Orpha number ORPHA1358
Synonym(s) Myopathy - Moebius - Robin syndrome
Prevalence <1 / 1 000 000
Inheritance
  • Autosomal recessive
Age of onset Neonatal/infancy
ICD-10
  • Q87.0
OMIM
UMLS -
MeSH -
MedDRA -
SNOMED CT -

Summary

Carey-Fineman-Ziter (CFZ) syndrome is a rare condition characterized by the association of hypotonia, Moebius sequence (bilateral congenital facial palsy with impairment of ocular abduction), Pierre-Robin sequence (micrognathia, glossoptosis, and high-arched or cleft palate), unusual face, and growth delay. Less than 20 cases have been reported the literature, including two pairs of sibs. Most patients had non-specific peripheral (myopathy) or central (brain anomaly) causes of hypotonia. Some had a non-specific myopathy, with consequent severe scoliosis. Other features, reported in one or two patients with CFZ, included brain anomalies (ventriculomegaly, reduced white matter, neuronal heterotopias, small foci of necrosis with microcalcifications, small pons and brainstem with enlarged pre-pontine and pontocerebellar cisterns), absence of the pectoralis major muscle with an ulnar deviation of the hand (Poland sequence), laryngostenosis, unexplained intermittent arterial hypertension with facial flushing and sweating, hydronephrosis, glanular hypospadias, and talipes equinovarus.

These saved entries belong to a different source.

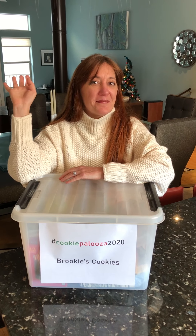Hi everybody! Brooke again with another edition of Brookie's Cookies for Cookiepalooza 2020.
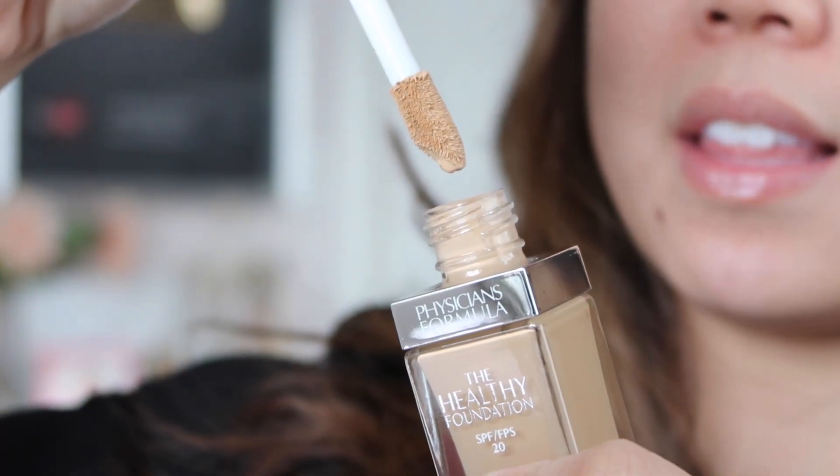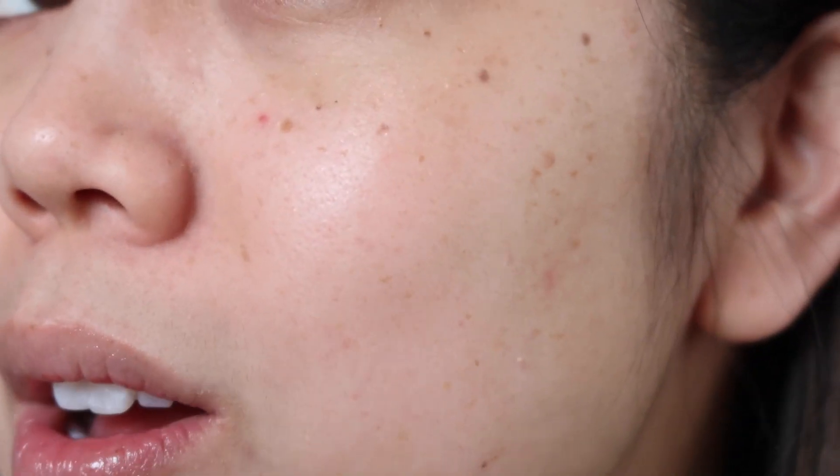This looks like that Clinique foundation. The directions say to shake well before applying. So let's take a look at my skin. I don't have too much hyperpigmentation, but I did randomly just get this red dot on my face — I don't know what it is — and a little dark circles underneath my eyes. I typically don't use concealer, so I'm going to use this as an all-in-one. My skin is oily combo, so I'm going to be using a setting powder.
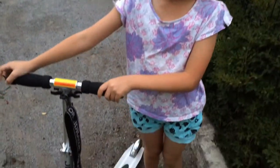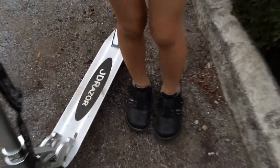So let's see your shoes. What kind of shoes are you wearing? I'm wearing my black sports shoes.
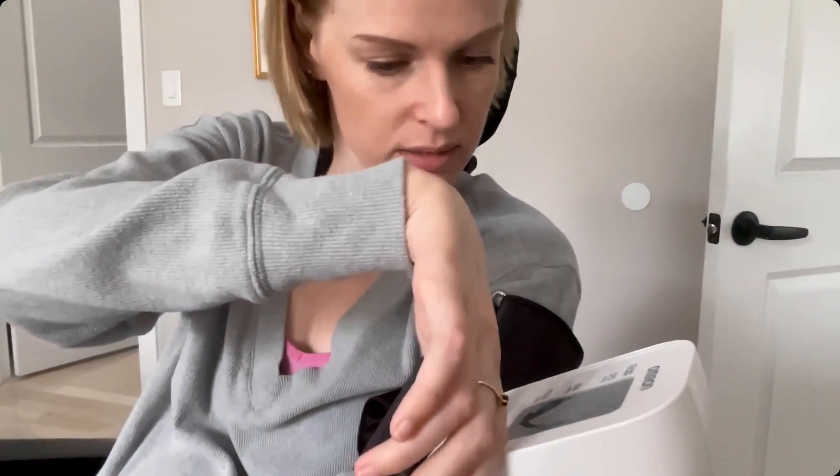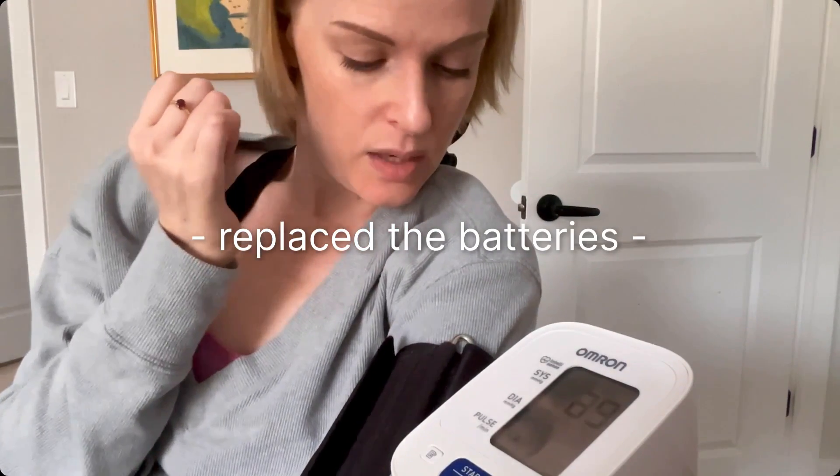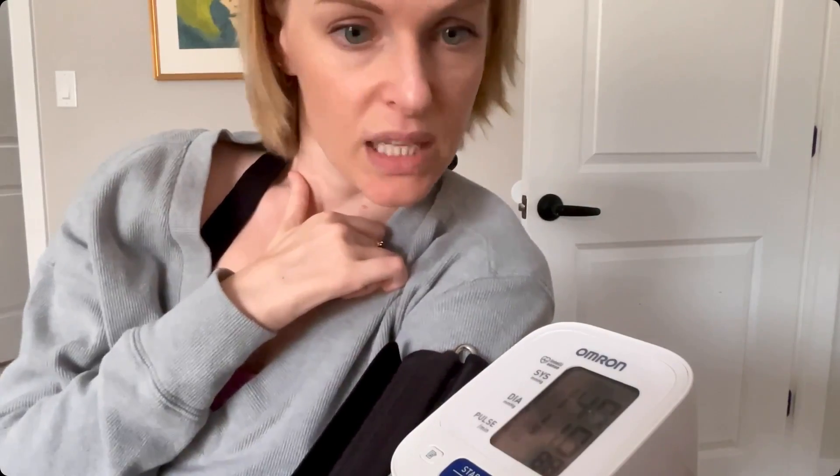Oh, are we out of batteries? What we're hoping is that I'm slightly elevated, and we can wait a little bit to see where I am in about a half hour, because I'm going to need to cath soon, so my blood pressure should slowly creep up. Okay, that's about right — I am 147 over 110.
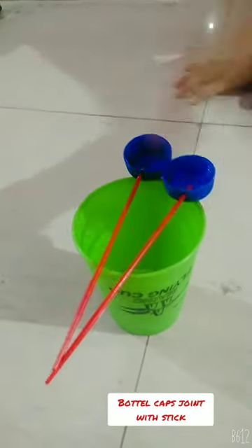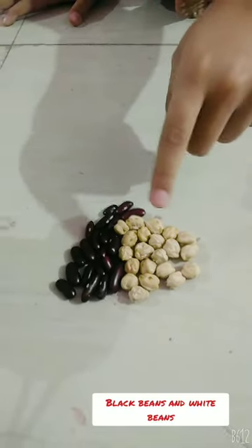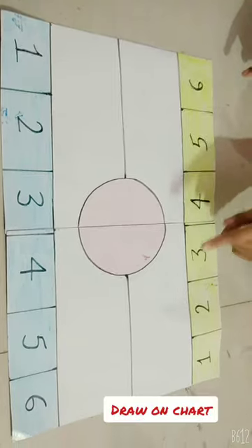Today we are playing Black Beans vs White Beans. For this game, we have two partners, two bottle caps with sticks, and black beans and white beans, and make this type of design. For more information, go to the description box. Let's play the game.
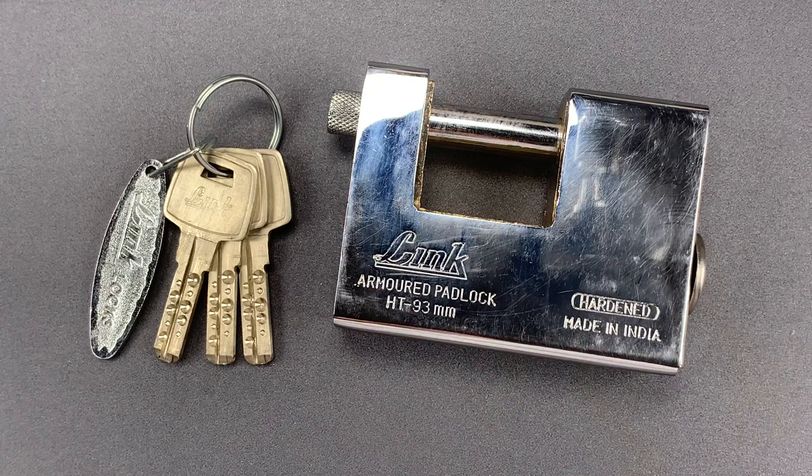Armored shutter locks of this style are usually only made for the Italian market, where they're actually quite popular. I have locks like this from at least 15 or 20 different brands, all sold only in Italy.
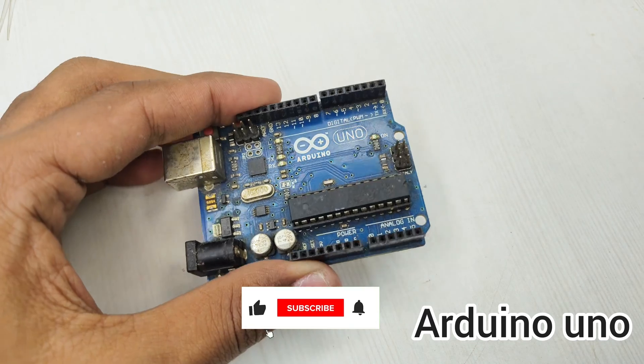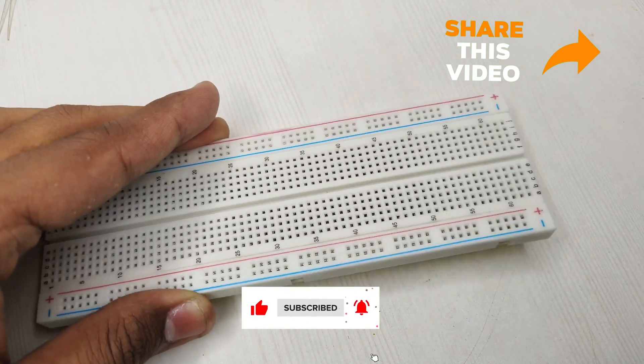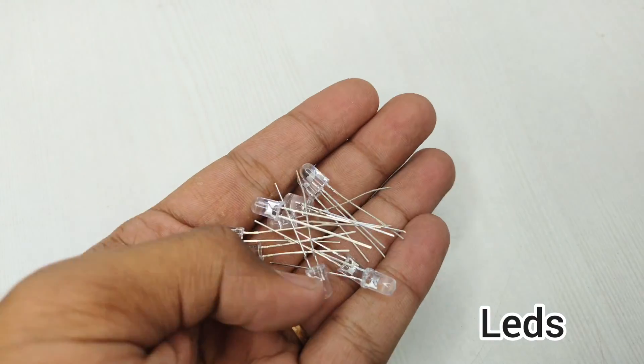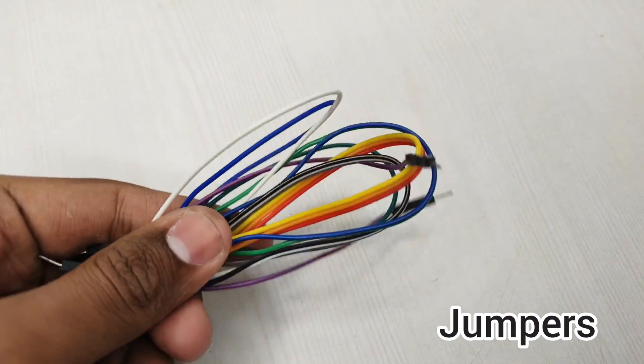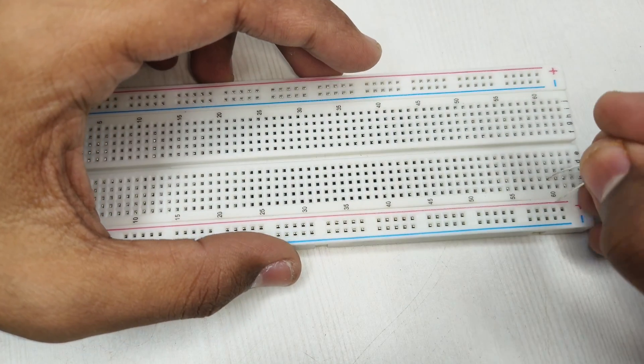For this project you will need an Arduino Uno, breadboard, LEDs, and a couple of jumper wires. Let's get started with making the project.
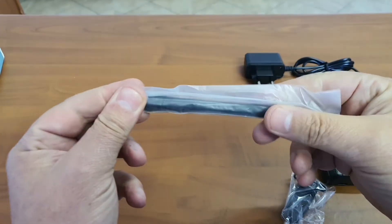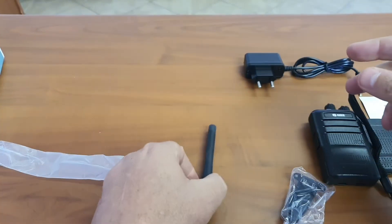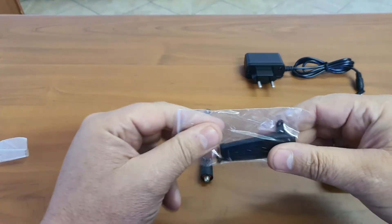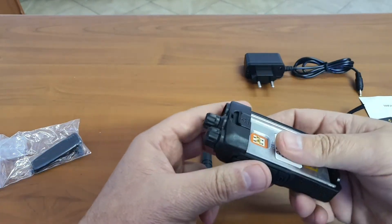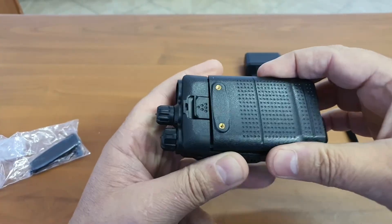I am going to assemble this device so you can see what it is like. It is in no means the quality you will get from a Kenwood or a Motorola, Hytera, or any one of those more superb brands, but it is certainly going to hold up against the cheap little Chinese devices that guys buy from the Chinese shop.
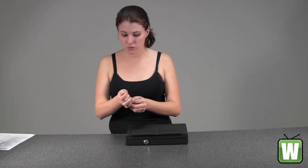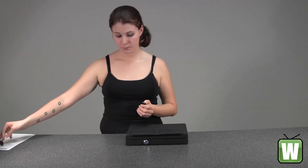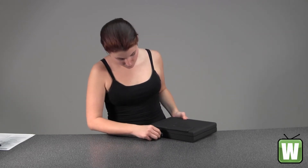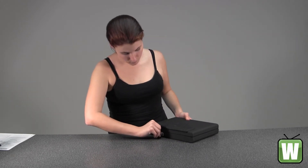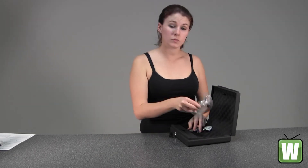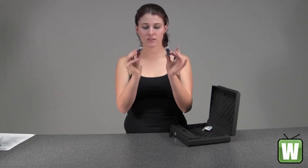Here we have the two sets of keys that come along with it. It comes with a steel cable. And four AAA batteries.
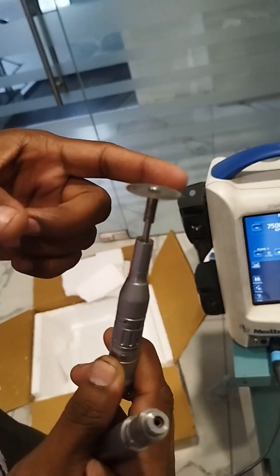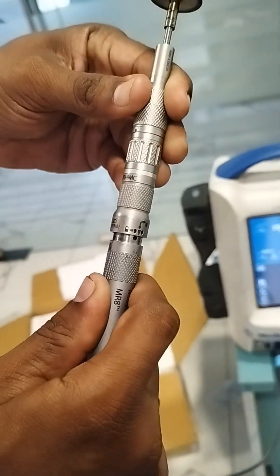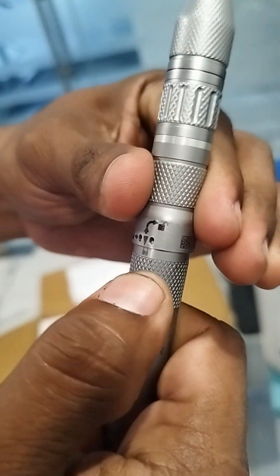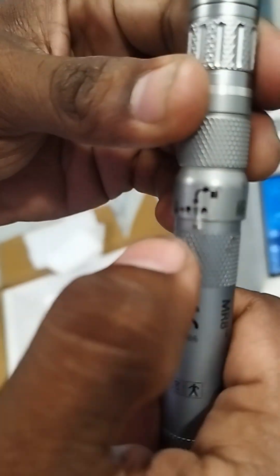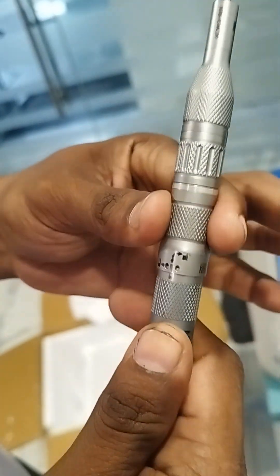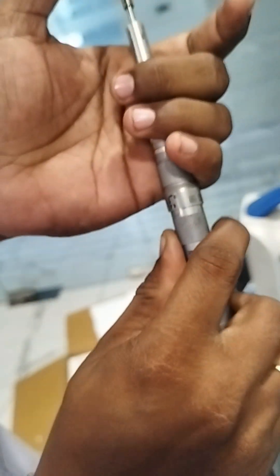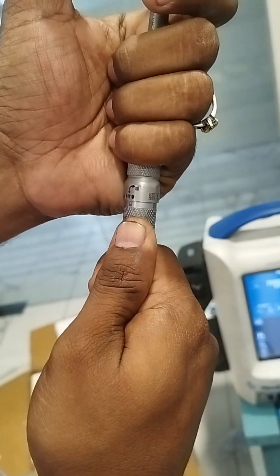Then you can connect this to the motor. Press the motor and the same way go from unlock to lock. You can see the unlock-to-lock symbol here. While removing, hold the attachment and take it out — you can see the arrow mark indicating that. While locking, simply put it inside and lock.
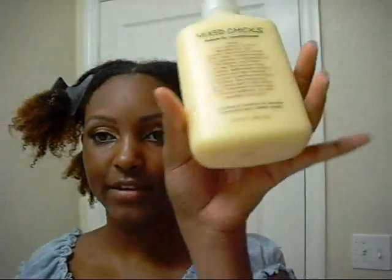This is after me washing my hair and taking my twist out. Now I'm going to be using Mix Chicks leave-in conditioner. I've never used this conditioner to just define my curls, so that's what I plan on doing today. Hopefully it works out and my hair doesn't look a hot mess.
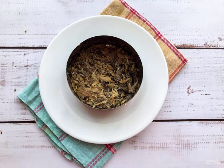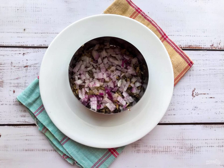Place a serving ring on a plate. Put the sprats on the bottom of the plate, having previously kneaded them with a fork. Place the finely chopped red onion on top of the sprat.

Intelligence may be normal but mental disability has been reported. One patient also presented with a gastrointestinal disturbance with biopsy-proven villous atrophy. Although CFZ syndrome has been reported in two pairs of sibs, suggesting an autosomal recessive mode of inheritance, the recurrence risk does not seem to be as high as 25%. Diagnosis can be made on the basis of clinical features, but magnetic resonance imaging (MRI) is necessary to detect the brain anomalies. Scoliosis necessitated rod placement in one patient during adolescence, and in another case induced restrictive lung disease and death from pneumonia at 37 years of age.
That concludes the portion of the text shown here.